**Aim of the exercise**
Please take the records that follow and repeat exactly the lines starting with the line with "Runner Photo 8193082" and going on through the line with "Seyfert Sarovar Premiere".

**Data records**
┌──

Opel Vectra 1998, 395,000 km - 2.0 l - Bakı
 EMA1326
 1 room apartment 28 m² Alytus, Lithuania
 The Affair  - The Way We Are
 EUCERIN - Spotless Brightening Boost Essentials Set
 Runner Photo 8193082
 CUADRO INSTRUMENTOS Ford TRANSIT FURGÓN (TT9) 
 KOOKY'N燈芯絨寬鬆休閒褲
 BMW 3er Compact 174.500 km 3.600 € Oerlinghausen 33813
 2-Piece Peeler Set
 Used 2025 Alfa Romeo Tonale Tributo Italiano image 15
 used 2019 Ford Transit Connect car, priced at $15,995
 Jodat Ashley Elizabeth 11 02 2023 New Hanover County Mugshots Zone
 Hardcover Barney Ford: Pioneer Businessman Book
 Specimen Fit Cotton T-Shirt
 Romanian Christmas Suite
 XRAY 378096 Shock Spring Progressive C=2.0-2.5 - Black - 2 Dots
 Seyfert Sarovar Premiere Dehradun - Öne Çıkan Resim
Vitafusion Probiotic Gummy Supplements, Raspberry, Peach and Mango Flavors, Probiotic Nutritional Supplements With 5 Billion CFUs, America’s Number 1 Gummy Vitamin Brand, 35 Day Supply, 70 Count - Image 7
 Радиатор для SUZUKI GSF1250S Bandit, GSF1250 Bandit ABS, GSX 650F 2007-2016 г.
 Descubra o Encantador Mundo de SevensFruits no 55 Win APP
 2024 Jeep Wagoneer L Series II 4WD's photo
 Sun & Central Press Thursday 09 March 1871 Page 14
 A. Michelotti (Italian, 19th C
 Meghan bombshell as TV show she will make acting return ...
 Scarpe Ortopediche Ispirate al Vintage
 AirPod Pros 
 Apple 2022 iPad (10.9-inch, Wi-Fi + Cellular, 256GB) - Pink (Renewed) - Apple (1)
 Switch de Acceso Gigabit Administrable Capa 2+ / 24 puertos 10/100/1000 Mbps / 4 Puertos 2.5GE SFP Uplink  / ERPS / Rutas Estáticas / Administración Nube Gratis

└──

**Output of the task**
 Runner Photo 8193082
 CUADRO INSTRUMENTOS Ford TRANSIT FURGÓN (TT9) 
 KOOKY'N燈芯絨寬鬆休閒褲
 BMW 3er Compact 174.500 km 3.600 € Oerlinghausen 33813
 2-Piece Peeler Set
 Used 2025 Alfa Romeo Tonale Tributo Italiano image 15
 used 2019 Ford Transit Connect car, priced at $15,995
 Jodat Ashley Elizabeth 11 02 2023 New Hanover County Mugshots Zone
 Hardcover Barney Ford: Pioneer Businessman Book
 Specimen Fit Cotton T-Shirt
 Romanian Christmas Suite
 XRAY 378096 Shock Spring Progressive C=2.0-2.5 - Black - 2 Dots
 Seyfert Sarovar Premiere Dehradun - Öne Çıkan Resim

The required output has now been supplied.